High pressure treatment

High pressure treatment for the inactivation of microorganisms have been the subject of research for some time and are already being used successfully in specific areas of industrial practice. In classic hydrostatic high-pressure processes (HHP), the materials to be treated are exposed to pressures of 6,000-10,000 bar (600 – 1000 MPa) in order to kill microorganisms [1]. The materials to be treated are usually liquids or dissolved substances. However, it is also possible to treat solids, provided they can be introduced into a liquid (e.g. water). However, the inactivating effect on microorganisms depends on the type of microorganism.

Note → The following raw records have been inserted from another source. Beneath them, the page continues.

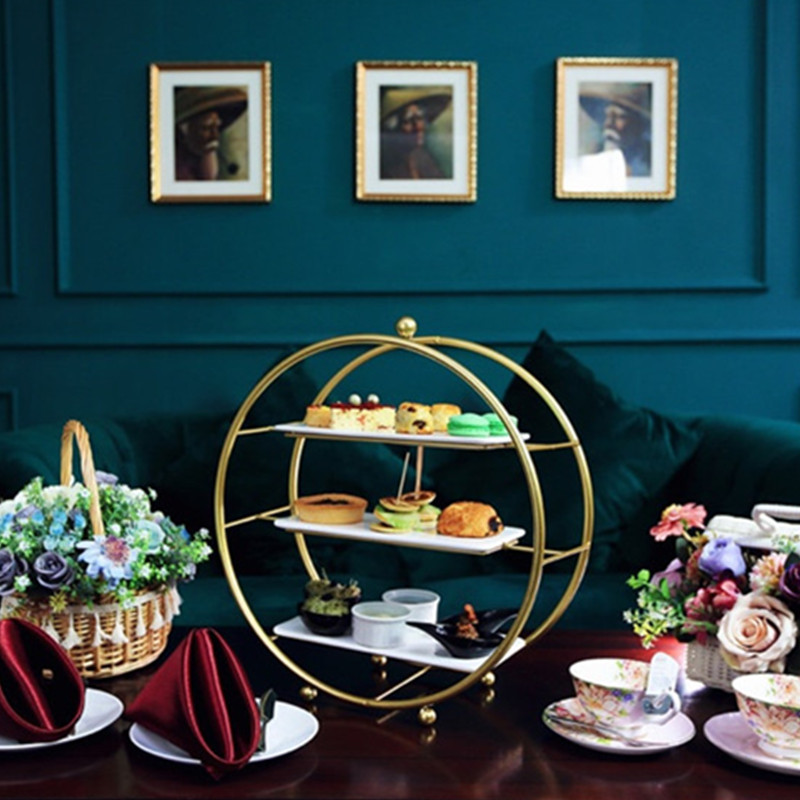 Té de la tarde de estilo europeo de tres capas de merienda de pie pausa de té de comida fría mesa de postre moderno hotel vajilla Buffet soporte de exhibición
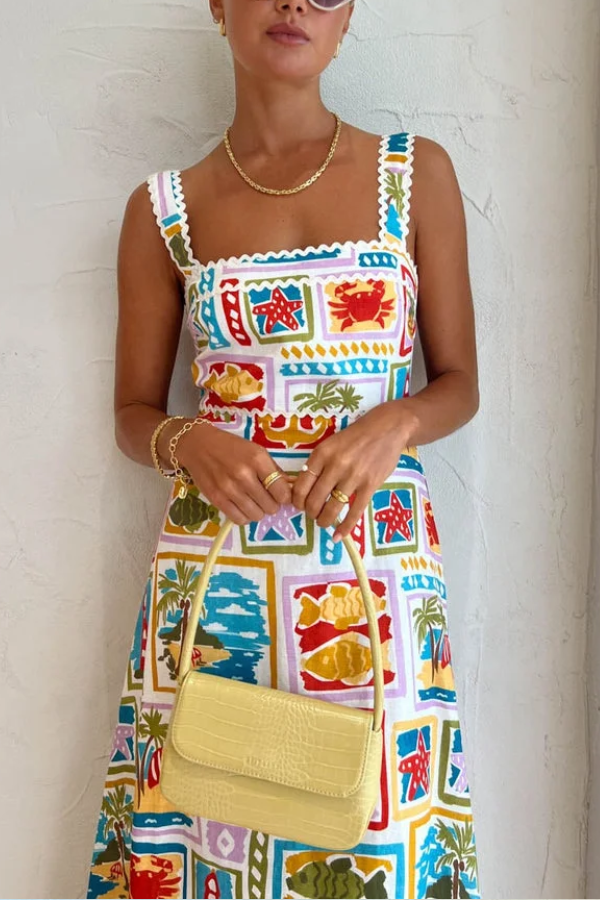 Beautifully Finished Dress in a Timeless Design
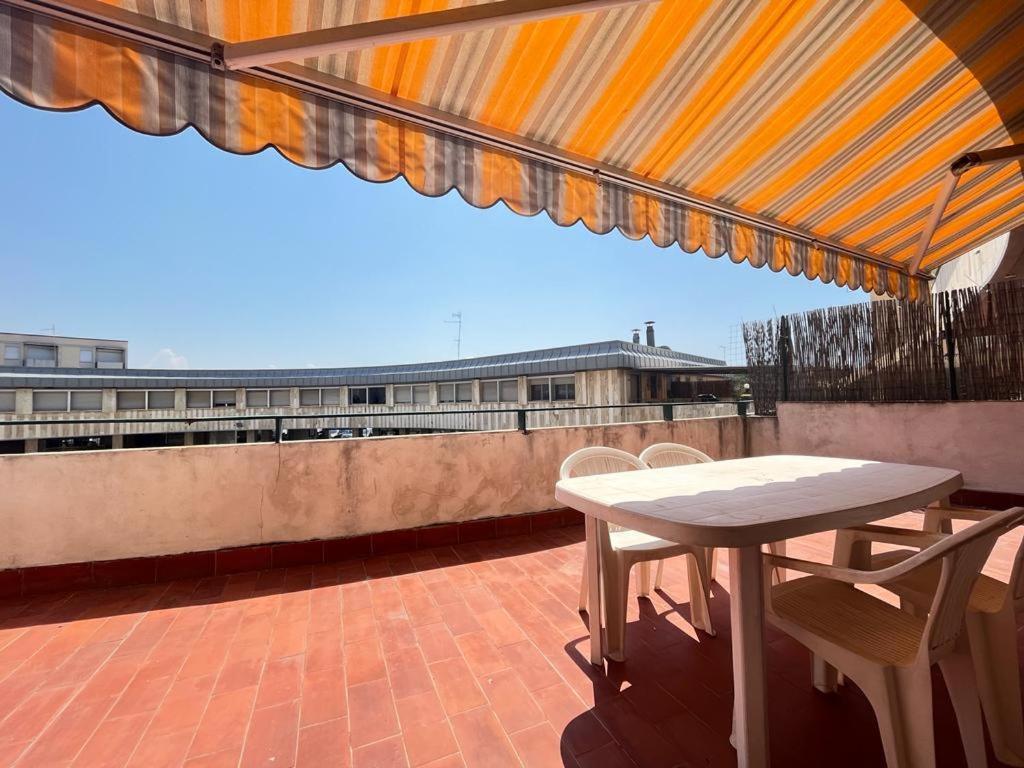 Imperiale Apartment Tirrenia Eksteriør billede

Some special types of bacteria withstand HHP treatment very well [2]. In addition to HHP, there are other high-pressure processes such as the high-pressure homogenization of liquid foods [3].

The advantage of such high-pressure processes is the inactivation of microorganisms at low temperatures (ambient temperature), without the use of disinfectants/biocides and without chemically altering or changing the quality of the treated products. The original properties of the treated goods are affected only slightly by the processes [4]. These processes are therefore considered to be residue-free and particularly mild. For this reason, high-pressure processes are used in the treatment of foodstuffs, spices, pharmaceutical preparations, etc. A well-known everyday application is the high-pressure treatment of high-quality and sensitive products, such as fresh direct juices or fruit purees, whose taste would be altered too much by heating [5].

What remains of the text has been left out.